Work item -
In the listing that follows, the range to quote begins at the line that has "قصة مصورة: رمضان.. صلوات وذكر وموائد عامرة" and ends after the line that has "1711 Allen Parkway, #2704, Houston, TX 77019"; quote it verbatim and add nothing.

═══ Source data ═══

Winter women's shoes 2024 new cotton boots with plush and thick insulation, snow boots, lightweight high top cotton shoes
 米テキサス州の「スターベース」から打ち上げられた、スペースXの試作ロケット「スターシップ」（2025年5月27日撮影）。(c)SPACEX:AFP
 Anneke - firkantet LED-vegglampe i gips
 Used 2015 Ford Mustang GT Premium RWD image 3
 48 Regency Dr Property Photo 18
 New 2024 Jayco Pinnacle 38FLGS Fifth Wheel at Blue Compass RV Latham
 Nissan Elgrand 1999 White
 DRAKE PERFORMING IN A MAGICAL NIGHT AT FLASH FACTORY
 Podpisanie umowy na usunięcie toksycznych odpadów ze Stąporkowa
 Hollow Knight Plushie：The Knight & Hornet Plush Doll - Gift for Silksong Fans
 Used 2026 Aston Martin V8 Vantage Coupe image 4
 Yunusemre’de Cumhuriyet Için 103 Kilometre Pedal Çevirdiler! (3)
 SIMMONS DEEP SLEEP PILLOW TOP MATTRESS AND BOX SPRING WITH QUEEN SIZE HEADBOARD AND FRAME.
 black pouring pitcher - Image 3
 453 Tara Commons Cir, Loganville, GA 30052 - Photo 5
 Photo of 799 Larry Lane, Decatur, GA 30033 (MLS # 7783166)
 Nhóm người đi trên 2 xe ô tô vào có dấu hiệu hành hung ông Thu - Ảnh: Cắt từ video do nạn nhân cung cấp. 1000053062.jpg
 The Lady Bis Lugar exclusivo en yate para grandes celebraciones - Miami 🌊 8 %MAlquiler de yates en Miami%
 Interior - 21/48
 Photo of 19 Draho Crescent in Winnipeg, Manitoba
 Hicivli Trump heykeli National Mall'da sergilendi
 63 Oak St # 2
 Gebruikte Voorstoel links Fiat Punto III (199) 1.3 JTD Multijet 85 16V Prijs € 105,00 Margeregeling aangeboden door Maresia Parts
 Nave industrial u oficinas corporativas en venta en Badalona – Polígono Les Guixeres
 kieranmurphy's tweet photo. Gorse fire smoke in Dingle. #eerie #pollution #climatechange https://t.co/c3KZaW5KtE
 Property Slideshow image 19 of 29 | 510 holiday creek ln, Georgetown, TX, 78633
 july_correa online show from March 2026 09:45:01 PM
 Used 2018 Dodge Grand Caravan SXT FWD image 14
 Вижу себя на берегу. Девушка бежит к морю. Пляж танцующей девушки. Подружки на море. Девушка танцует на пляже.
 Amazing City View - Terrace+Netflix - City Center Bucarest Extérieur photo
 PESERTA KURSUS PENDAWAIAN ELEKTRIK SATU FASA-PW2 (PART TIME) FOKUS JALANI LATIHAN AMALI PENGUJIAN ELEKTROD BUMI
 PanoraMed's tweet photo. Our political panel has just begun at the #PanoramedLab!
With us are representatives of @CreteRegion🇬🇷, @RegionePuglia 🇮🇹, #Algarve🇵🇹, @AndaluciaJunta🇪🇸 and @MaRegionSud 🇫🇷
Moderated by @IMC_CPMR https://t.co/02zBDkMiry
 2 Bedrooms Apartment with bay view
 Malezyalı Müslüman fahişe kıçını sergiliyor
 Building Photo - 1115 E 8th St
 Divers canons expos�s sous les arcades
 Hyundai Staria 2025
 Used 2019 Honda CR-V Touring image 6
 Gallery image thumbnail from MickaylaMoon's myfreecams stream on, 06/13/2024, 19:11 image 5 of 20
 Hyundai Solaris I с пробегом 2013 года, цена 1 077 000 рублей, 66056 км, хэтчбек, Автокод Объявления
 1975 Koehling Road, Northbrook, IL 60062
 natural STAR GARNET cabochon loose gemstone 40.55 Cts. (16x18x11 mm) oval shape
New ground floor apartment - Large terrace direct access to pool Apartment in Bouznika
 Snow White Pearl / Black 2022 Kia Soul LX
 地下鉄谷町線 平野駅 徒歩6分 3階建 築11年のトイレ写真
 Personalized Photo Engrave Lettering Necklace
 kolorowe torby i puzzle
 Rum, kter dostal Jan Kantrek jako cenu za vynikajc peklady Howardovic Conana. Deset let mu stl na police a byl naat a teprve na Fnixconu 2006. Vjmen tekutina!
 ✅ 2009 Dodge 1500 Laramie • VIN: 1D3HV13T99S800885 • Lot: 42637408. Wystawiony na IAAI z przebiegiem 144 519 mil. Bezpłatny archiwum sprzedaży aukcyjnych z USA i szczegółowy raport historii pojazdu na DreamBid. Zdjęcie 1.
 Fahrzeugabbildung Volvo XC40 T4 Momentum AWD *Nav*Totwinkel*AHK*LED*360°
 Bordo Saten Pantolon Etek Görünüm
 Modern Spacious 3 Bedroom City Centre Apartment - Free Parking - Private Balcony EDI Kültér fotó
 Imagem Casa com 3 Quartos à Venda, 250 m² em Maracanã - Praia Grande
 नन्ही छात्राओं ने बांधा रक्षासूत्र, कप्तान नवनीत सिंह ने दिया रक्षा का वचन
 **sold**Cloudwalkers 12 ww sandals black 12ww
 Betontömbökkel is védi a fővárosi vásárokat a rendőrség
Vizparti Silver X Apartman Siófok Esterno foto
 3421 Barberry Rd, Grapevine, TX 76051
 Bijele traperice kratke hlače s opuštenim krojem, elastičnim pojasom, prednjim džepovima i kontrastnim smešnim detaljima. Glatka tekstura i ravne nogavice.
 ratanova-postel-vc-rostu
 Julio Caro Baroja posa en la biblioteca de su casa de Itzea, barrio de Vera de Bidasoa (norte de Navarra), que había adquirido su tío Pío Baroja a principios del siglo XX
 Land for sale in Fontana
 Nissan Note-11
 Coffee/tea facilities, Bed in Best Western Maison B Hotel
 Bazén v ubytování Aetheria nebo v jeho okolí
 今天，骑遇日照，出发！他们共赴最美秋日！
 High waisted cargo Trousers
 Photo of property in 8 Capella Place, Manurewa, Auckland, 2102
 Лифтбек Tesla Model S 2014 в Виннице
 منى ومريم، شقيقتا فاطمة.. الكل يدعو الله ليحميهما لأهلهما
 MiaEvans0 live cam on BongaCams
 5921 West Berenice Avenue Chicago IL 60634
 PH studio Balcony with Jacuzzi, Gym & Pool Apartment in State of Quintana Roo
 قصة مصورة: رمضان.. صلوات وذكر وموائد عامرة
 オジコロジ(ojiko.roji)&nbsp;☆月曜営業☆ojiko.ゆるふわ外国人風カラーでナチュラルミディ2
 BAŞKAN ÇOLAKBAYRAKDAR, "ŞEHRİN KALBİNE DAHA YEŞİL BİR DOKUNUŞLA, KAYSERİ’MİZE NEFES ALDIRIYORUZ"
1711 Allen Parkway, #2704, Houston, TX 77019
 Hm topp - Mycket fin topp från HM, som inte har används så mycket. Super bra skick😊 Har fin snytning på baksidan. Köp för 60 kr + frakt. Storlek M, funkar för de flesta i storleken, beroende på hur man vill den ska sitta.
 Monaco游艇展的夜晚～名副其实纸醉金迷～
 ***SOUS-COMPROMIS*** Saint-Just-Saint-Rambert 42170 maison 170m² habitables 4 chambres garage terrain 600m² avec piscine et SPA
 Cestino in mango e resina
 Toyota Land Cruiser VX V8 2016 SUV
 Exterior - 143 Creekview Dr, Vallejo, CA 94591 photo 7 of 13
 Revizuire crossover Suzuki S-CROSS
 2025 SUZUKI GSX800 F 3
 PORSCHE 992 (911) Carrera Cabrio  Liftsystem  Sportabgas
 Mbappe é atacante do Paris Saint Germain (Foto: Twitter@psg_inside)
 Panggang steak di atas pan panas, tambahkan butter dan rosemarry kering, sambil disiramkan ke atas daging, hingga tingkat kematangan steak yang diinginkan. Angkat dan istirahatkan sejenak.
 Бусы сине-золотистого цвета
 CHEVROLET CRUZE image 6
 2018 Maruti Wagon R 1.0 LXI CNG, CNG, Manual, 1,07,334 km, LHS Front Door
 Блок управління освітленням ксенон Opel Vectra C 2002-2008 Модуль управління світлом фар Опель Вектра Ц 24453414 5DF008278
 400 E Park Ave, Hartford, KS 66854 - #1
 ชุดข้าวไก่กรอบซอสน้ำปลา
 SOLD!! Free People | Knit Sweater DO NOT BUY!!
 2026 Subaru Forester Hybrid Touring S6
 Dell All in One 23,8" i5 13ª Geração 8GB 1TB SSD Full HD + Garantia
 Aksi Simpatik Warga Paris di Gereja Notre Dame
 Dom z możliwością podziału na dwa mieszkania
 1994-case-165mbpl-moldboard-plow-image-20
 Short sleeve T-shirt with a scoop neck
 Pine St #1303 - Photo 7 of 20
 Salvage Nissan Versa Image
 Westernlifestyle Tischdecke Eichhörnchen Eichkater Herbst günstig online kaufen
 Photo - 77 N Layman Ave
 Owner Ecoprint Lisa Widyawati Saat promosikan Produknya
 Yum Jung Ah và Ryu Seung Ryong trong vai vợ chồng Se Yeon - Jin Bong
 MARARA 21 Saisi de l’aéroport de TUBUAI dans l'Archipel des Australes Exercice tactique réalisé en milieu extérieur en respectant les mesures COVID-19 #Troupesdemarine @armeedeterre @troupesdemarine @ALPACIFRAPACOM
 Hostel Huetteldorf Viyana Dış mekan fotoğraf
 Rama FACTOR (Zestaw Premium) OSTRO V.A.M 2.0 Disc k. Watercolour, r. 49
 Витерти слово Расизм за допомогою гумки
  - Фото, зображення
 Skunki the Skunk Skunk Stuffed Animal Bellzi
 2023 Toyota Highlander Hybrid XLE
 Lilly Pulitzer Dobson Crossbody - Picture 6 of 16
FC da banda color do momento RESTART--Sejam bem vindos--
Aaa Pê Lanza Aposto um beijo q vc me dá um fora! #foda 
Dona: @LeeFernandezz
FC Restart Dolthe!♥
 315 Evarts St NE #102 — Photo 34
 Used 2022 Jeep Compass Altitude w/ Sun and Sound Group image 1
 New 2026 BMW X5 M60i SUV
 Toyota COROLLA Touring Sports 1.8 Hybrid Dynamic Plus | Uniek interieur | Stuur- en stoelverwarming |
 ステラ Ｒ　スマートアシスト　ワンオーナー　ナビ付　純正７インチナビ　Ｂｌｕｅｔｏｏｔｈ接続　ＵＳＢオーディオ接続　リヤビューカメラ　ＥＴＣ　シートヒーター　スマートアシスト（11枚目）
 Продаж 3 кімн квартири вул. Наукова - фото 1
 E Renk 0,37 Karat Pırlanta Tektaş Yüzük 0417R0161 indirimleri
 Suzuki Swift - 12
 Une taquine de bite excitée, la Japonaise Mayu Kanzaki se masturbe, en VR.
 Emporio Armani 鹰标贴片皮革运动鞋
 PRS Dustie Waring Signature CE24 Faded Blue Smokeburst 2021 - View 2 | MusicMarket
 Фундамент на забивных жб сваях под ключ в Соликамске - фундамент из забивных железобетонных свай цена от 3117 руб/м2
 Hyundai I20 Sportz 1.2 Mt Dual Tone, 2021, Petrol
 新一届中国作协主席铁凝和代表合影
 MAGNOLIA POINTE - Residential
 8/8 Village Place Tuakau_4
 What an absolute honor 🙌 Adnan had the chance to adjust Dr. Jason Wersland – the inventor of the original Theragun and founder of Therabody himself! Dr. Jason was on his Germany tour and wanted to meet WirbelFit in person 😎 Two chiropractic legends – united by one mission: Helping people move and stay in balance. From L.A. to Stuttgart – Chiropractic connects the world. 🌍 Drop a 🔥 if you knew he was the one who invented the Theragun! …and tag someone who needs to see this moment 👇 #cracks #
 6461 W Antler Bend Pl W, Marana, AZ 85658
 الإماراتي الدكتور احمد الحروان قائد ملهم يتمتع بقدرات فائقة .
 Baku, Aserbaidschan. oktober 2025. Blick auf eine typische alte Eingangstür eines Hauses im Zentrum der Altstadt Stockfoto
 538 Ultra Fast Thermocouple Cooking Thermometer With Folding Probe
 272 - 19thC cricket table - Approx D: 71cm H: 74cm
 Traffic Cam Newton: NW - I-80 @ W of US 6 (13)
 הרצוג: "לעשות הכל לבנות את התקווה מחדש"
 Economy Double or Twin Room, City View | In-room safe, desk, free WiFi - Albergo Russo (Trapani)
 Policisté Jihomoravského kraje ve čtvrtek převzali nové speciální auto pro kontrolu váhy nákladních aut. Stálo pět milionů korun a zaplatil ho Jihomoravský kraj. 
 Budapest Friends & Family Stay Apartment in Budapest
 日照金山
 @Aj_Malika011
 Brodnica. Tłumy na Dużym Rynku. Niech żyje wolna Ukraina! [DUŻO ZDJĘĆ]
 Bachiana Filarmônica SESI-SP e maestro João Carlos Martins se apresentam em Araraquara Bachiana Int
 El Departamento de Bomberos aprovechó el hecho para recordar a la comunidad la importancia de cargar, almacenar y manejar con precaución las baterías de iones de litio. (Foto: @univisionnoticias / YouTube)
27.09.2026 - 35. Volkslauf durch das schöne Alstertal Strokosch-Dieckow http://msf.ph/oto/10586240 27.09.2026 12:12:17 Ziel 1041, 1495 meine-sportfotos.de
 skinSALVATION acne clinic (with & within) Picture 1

═══

Written solution -
 قصة مصورة: رمضان.. صلوات وذكر وموائد عامرة
 オジコロジ(ojiko.roji)&nbsp;☆月曜営業☆ojiko.ゆるふわ外国人風カラーでナチュラルミディ2
 BAŞKAN ÇOLAKBAYRAKDAR, "ŞEHRİN KALBİNE DAHA YEŞİL BİR DOKUNUŞLA, KAYSERİ’MİZE NEFES ALDIRIYORUZ"
1711 Allen Parkway, #2704, Houston, TX 77019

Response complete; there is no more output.